If anyone comes across and new fuel cap and you don't need the chain, please mail me the chain.
 
A properly designed fuel cap system has a SS security chain and T bar in the tank so the cap can't leave the plane(without serious finagling). :wink2:

It is really there to drag dirt into the fuel tank.
 
If anyone comes across and new fuel cap and you don't need the chain, please mail me the chain.

asod.com prolly has a dozen of them for sale. Pretty cheap I'm sure.
 
With no cap on the tank, would the air over the top, suck the fuel out?
Could be bad if it does but also causes the sensor to read full.

Airplanes with rubber bladder tanks can get sucked right dry if the cap is left off. The pressure atop the wing is lower than the pressure inside the wing, so the bladder collapses toward the open filler and squeezes all the fuel out.

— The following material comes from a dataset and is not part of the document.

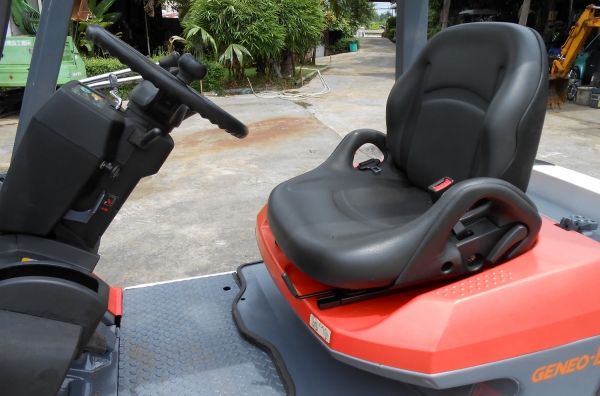 ขายรถยกไฟฟ้า TOYOTA 7FB15  เก่านอกทำสีใหม่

To make things worse, it also lifts the fuel sender's float so that the gauge reads full.

Dan
 
Also note that on something like your typical Cessna with the fuel selector on BOTH it can suck the fuel out of both tanks.
 
Also note that on something like your typical Cessna with the fuel selector on BOTH it can suck the fuel out of both tanks.

Also it increases your chances of vapor lock. Not a major factor at sea level, but a high mountain takeoff, you might lose fuel flow to you engine.
 
My bladder tanks have snap retainers. I don't think the bladder will lift much but I know for sure the sender arm will. And the opposite tank wasn't affected in my case. I didn't know it at the time but post flight fuel qty was what had been indicated in that one. I did switch from off to left tank (the capped tank) but still the final three miles over that cold ocean water had my full attention.